Enquanto esperava, veio uma “abaladêra” (ou cerveja para os estrangeiros), um cesto de bom pão alentejano (estava bom mas era do dia anterior), azeitonas temperadas com azeite de Moura DOP (bom para molhar o pão sem vergonha) e um queijo de Serpa DOP, de meia cura, bom para cortar uma bela fatia de cima a baixo e aproveitar as várias texturas e camadas de sabor.

Depois do preâmbulo, pedimos o queijo amanteigado de Serpa no forno, que vinha bem temperado com bons orégãos do quintal. Dava gosto mergulhar o pão, tipo fondue e sentir que era de boas famílias.

Espetaculares estavam as púcaras (ou frades) com espargos verdes, linguiça e ovos mexidos. Os cogumelos estavam suculentos e “rijinhos”, sabor intenso e uma textura que, de olhos fechados, parecia carne.

Como nesse dia não havia pezinhos de coentrada, aceitámos a sugestão das bochechas de porco preto, muito bem estufadas, bem atomatadas com orégãos e hortelã, a desfazer-se com alguma gelatina na boca. Acompanhavam umas deliciosas migas enroladas, bem húmidas no interior, crocantes por fora e umas belas rodelas de laranja. Prato de conforto a indiciar uma sesta antes da viagem de regresso.

A viagem segue com uma deliciosa sopa de tomate, com ovo escalfado, fatias de pão, muitos orégãos e hortelã. Ao lado, uma travessa de barro, com carne de porco bem frita no seu pingue, chouriço na sua gordura e umas espetaculares “pipocas” da barriga do reco (lembrei-me como seria feliz no cinema com estas pipocas e uma “abaladera” na mão). Era uma explosão de sabores e texturas, reconfortante, poderosa e rica. Grande momento!

A garrafeira, só com rótulos do Alentejo, é enorme e variada, com vinhos de colheitas já antigas, embora com os preços inflacionados. Optámos por um António Maria 2001 (50€), cheio de fruta confitada e doce, taninos redondos e aveludados e um final interminável.

Na doçaria, toda feita pela rainha Susana, escolhemos o pão de rala e a encharcada de ovos.

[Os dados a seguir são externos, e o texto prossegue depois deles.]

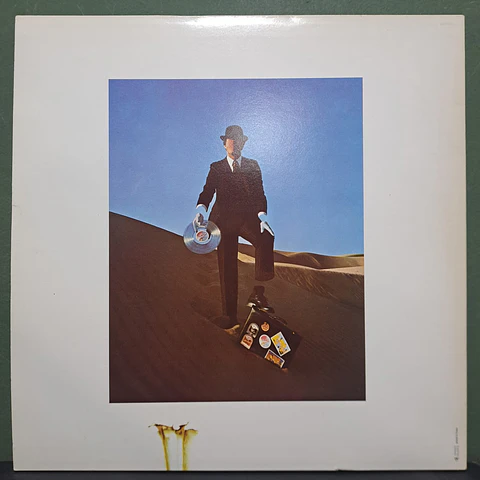 Pink Floyd – Wish You Were Here (Eur)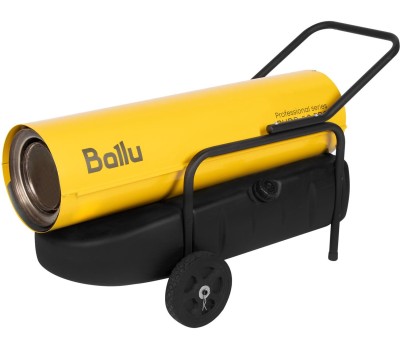Пушка дизельная BALLU Пушка дизельная прямого нагрева BHDP-50 PRO
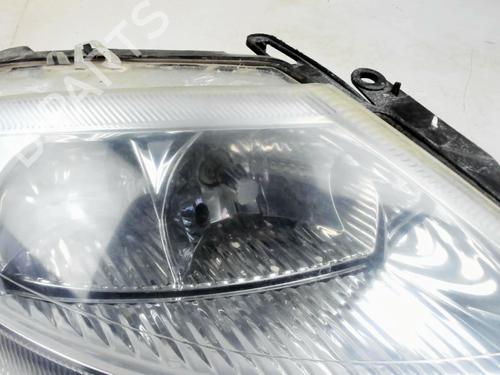 Højre forlygte Højre forlygte CITROËN C3 I (FC_, FN_) 1.4 HDi (68 hp) 39904653 39904653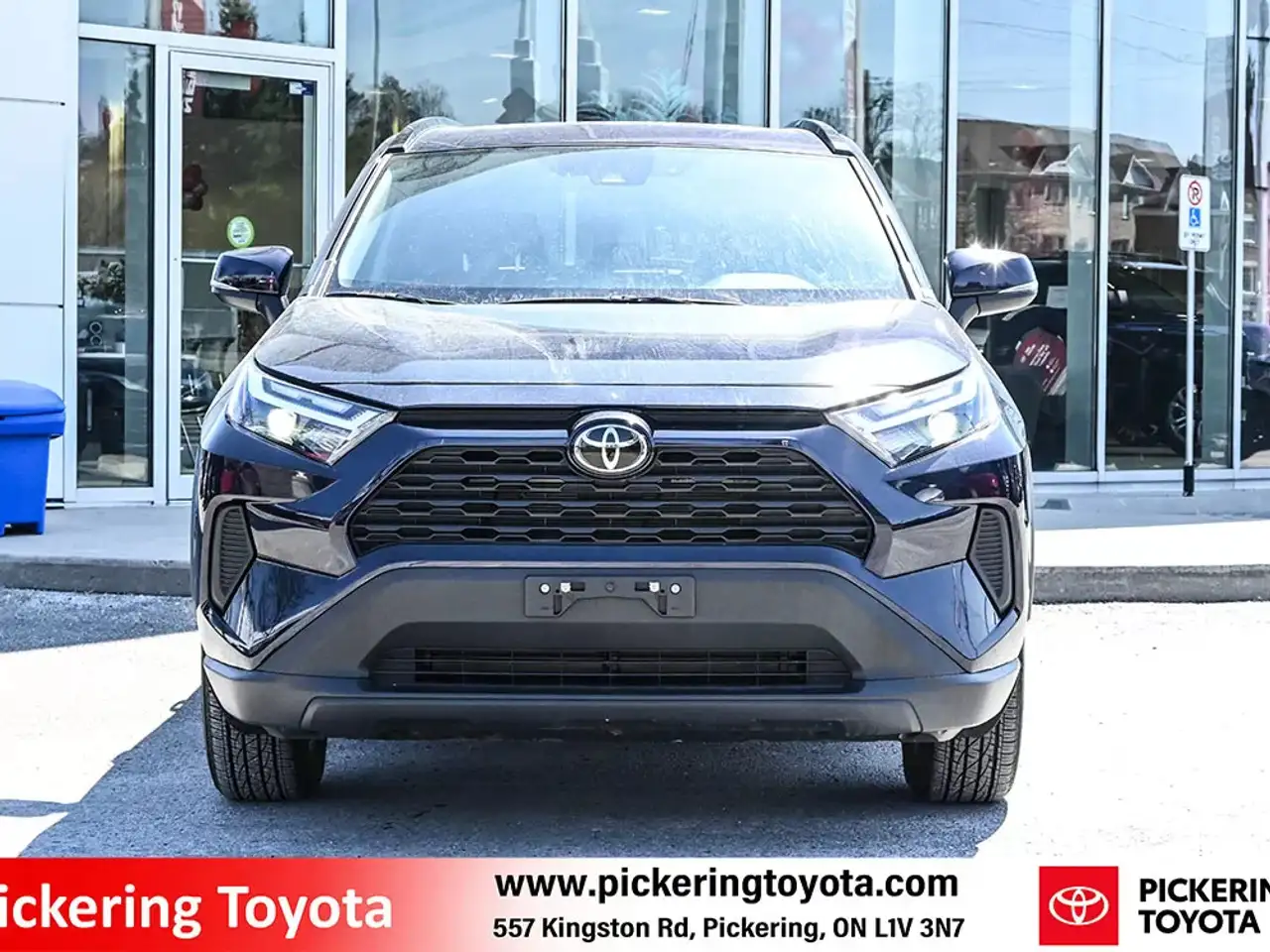 Toyota RAV 4 снимка Toyota RAV 4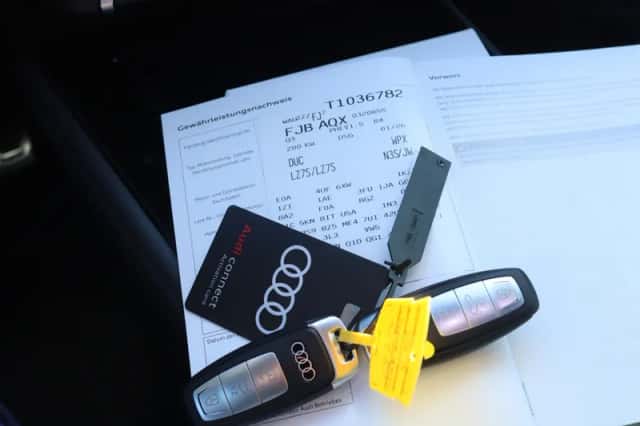 Audi Q3 (2026) thumbnail 36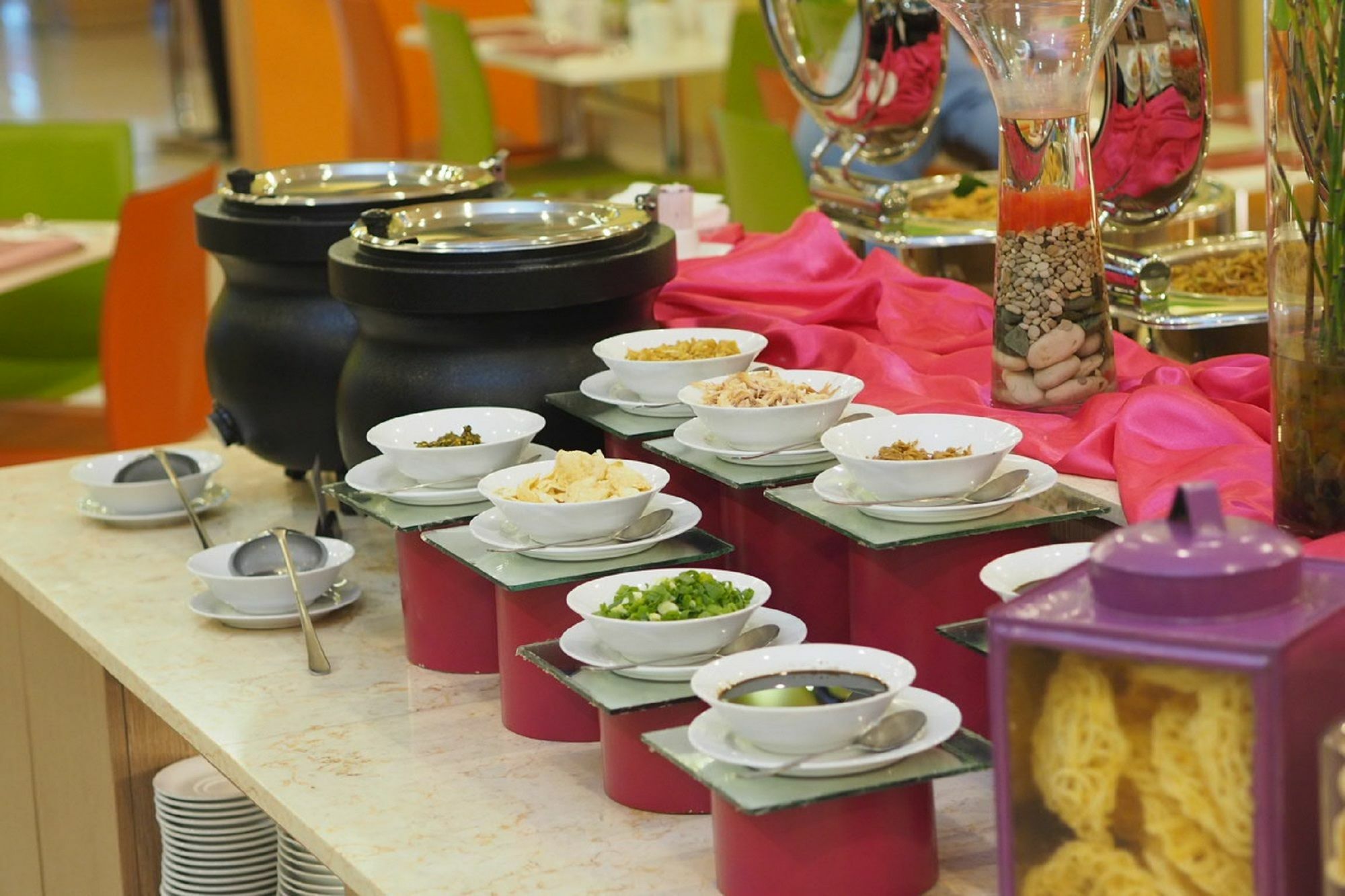 Favehotel Manahan - Solo Dış mekan fotoğraf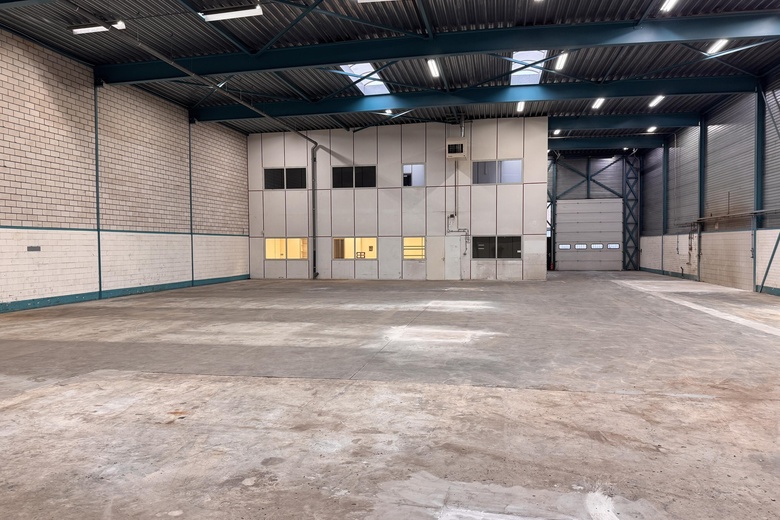 Bedrijfsruimte Eindhoven - Hooge Zijde 29 - Foto 11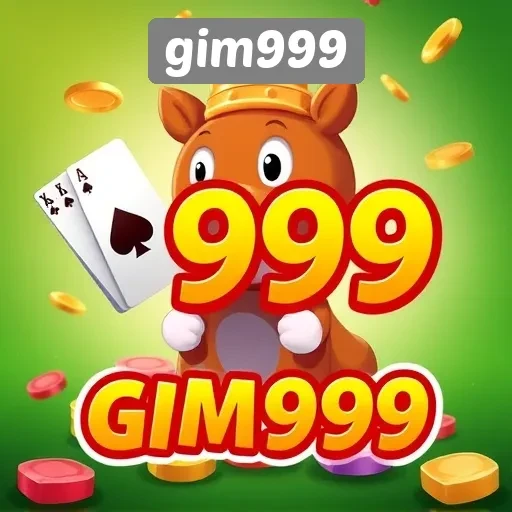 Gim999 Sebagai Platform Game Terpercaya di Indonesia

Coisas leves e para meninos.

Quero fazer Mea Culpa, porque pensava que a origem do pão de rala era Algarvia. Estava errado, a origem é alentejana e suspeita-se que este doce conventual tenha sido criado no Mosteiro de Santa Clara, em Évora. “Bomba” de gemas, açúcar, amêndoa, fios de ovos e gila, é um dos meus doces conventuais preferidos. Estou mal-habituado, porque sempre que o comi, foi feito com a mestria da mesma pessoa, antiga proprietária de uma famosa pastelaria em Portimão. Estava muito bem feito, estava muito bom, mas comparando com a minha referência, achei que estava ligeiramente seco e pouco suculento nas várias camadas.

A encharcada de ovos, essa, estava bem húmida, com a calda de açúcar a envolver na perfeição os fios de ovos, a amêndoa e a canela.

Melhor de Portugal ou não, não sei. Seguramente o será no norte de Portugal. Pela simpatia, pela qualidade do produto e pela mestria da sua cozinha. Foi um prazer ter conhecido “O Cansêras” e certamente vou voltar para experimentar muitas outras iguarias sazonais.

Em breve, vai ouvir-se falar muito do Cansêras, mas mais não posso dizer.

Na saída, uma placa indica “Tá Passando a Frontêra”.